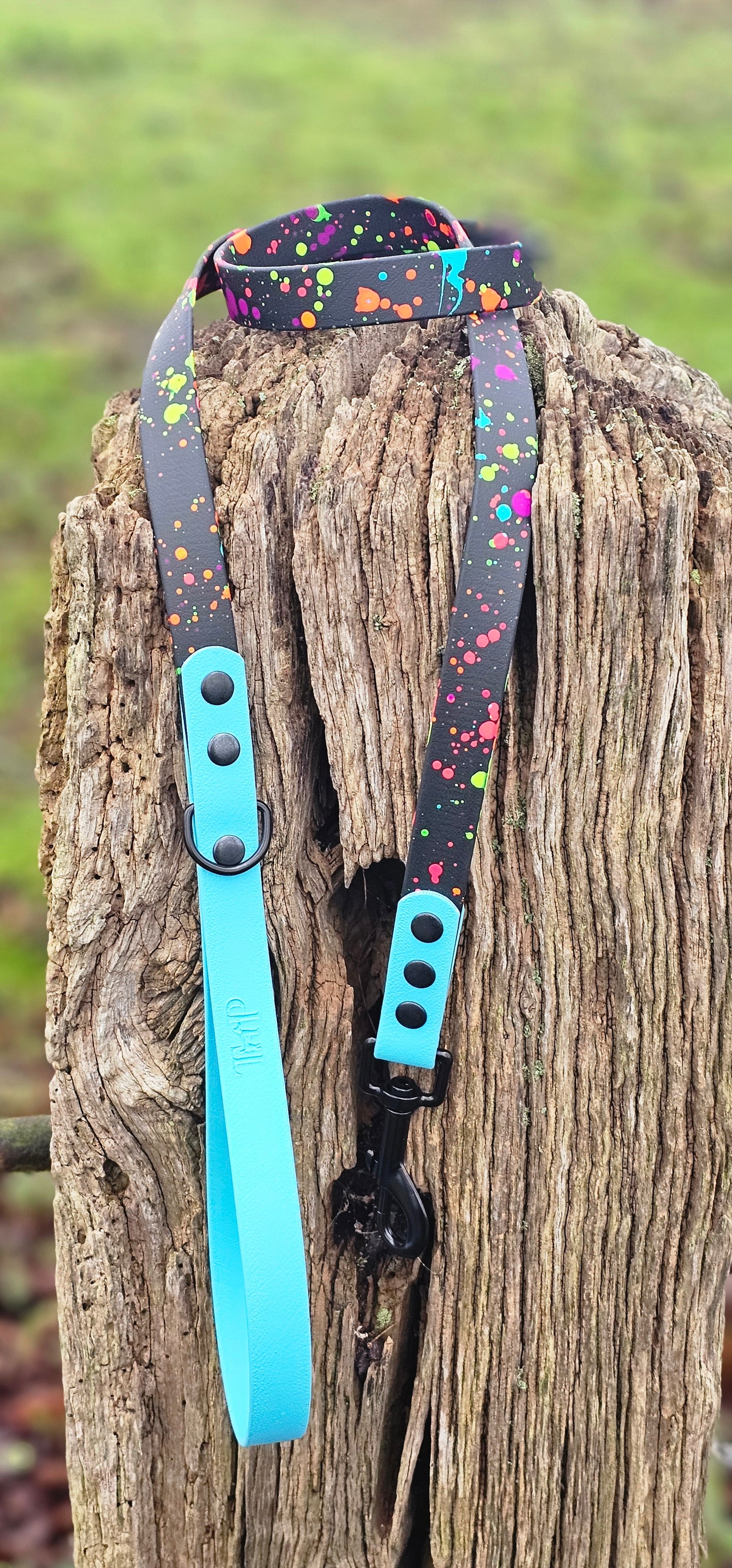 Black & Neon Blue – Waterproof BioThane® Splatter Dog Lead (Neon Collection)
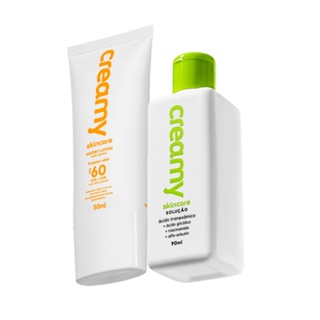 Kit Creamy Skincare Protetor Solar Facial FPS 60 Tranexâmico (2 produtos) em Oferta na Shopee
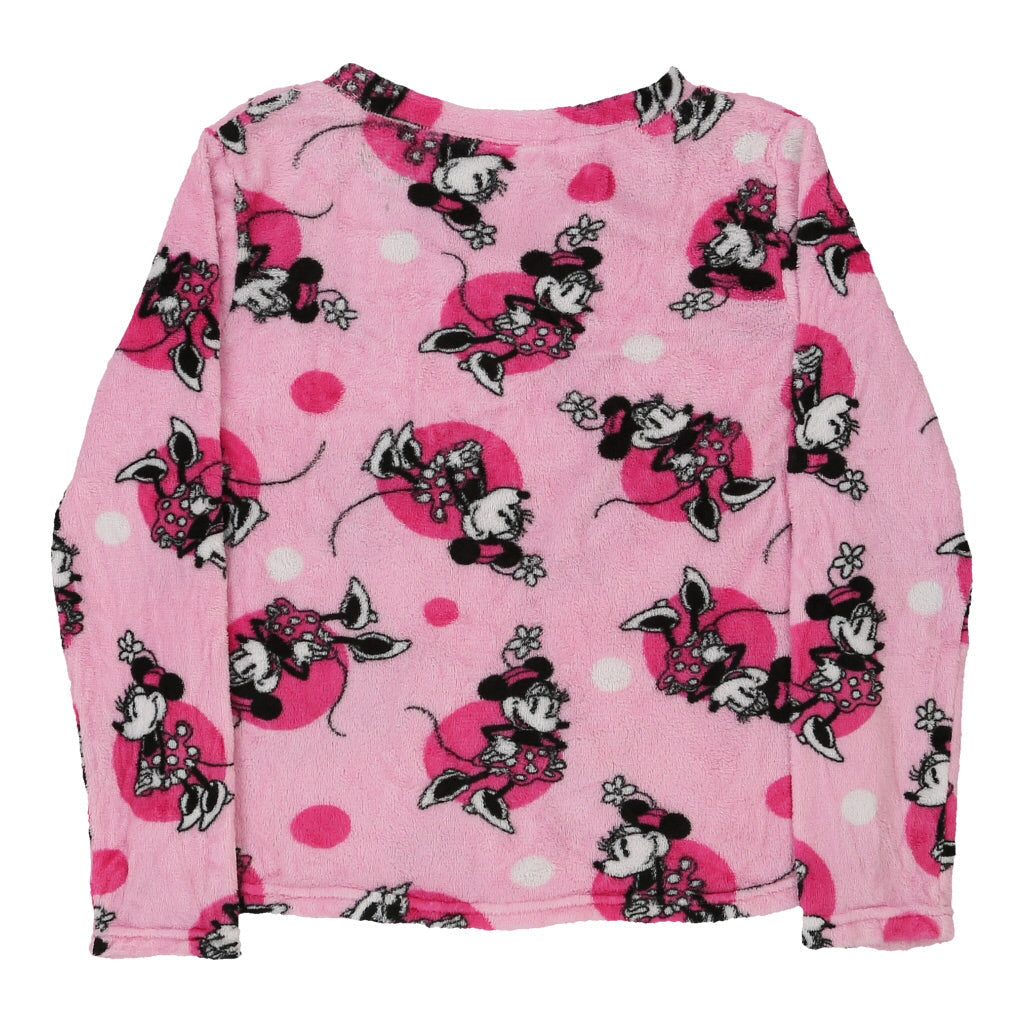 Minnie Mouse Pyjama Top Disney Cartoon Fleece - Small Pink Polyester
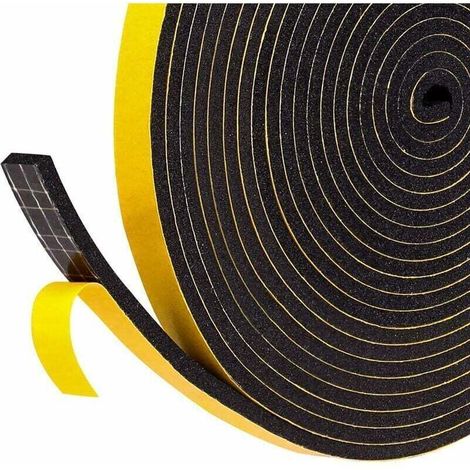 Joint Adhésif en Mousse Caoutchouc pour Isolation Fenêtre - 1 rouleau - 12mm x 3mm x 4m - Multifonction - Protection Meuble - Mousse Noir Film Jaune (1/4)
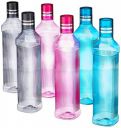 Solimo Unbreakable Round Plastic Water Bottle | Set of 6 | Multi-Colour...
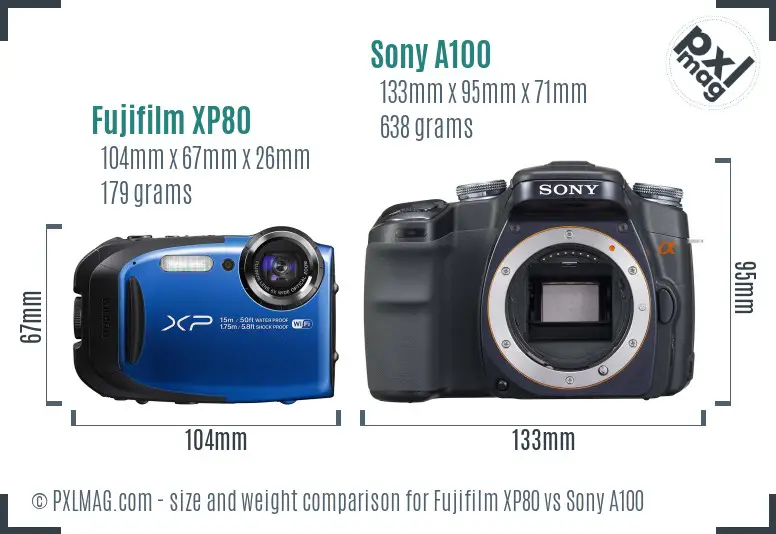 Fujifilm XP80 vs Sony A100 size comparison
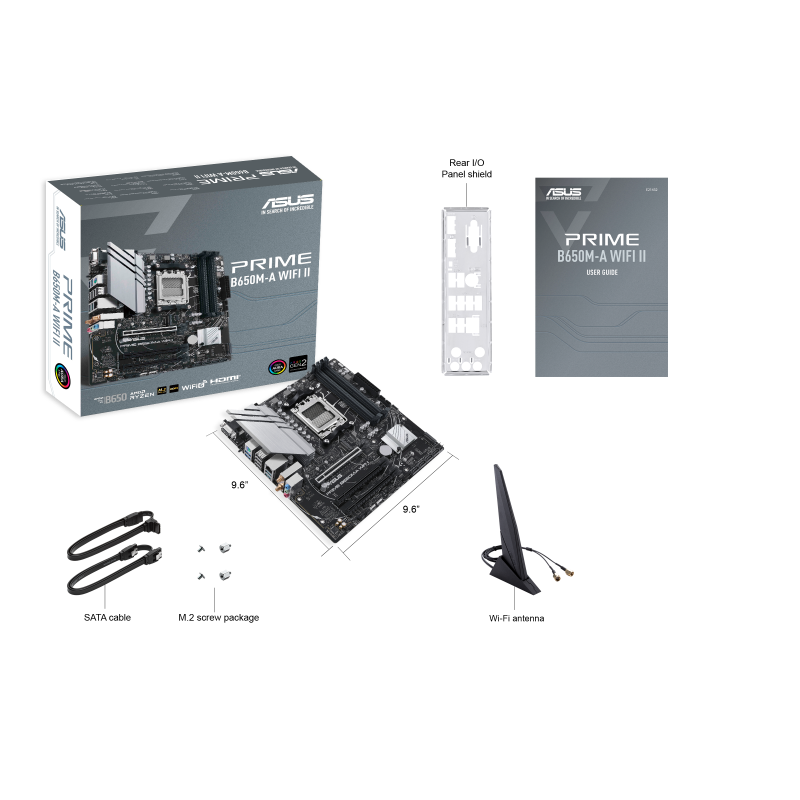 ASUS PRIME B650M-A WIFI II mATX Motherboard, AMD B650 Chipset, 4x DIMM DDR5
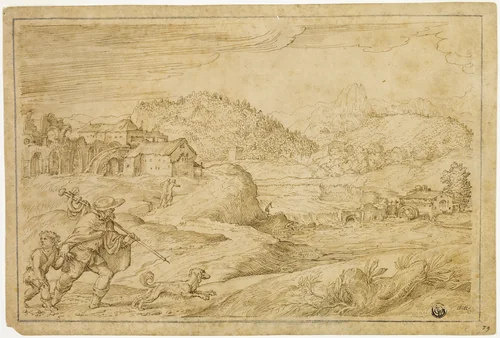River Landscape with Saint Roch and a Child Traveling with Dog by Domenico Campagnola, drawing, 1545-1550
===
§ **WORK ORDER**
Copy only this, please: the line with "ASUS PRIME B650M-A" and every line after it through the end of the data, with no pictures.

§ **ANSWER SECTION**
 ASUS PRIME B650M-A WIFI II mATX Motherboard, AMD B650 Chipset, 4x DIMM DDR5
River Landscape with Saint Roch and a Child Traveling with Dog by Domenico Campagnola, drawing, 1545-1550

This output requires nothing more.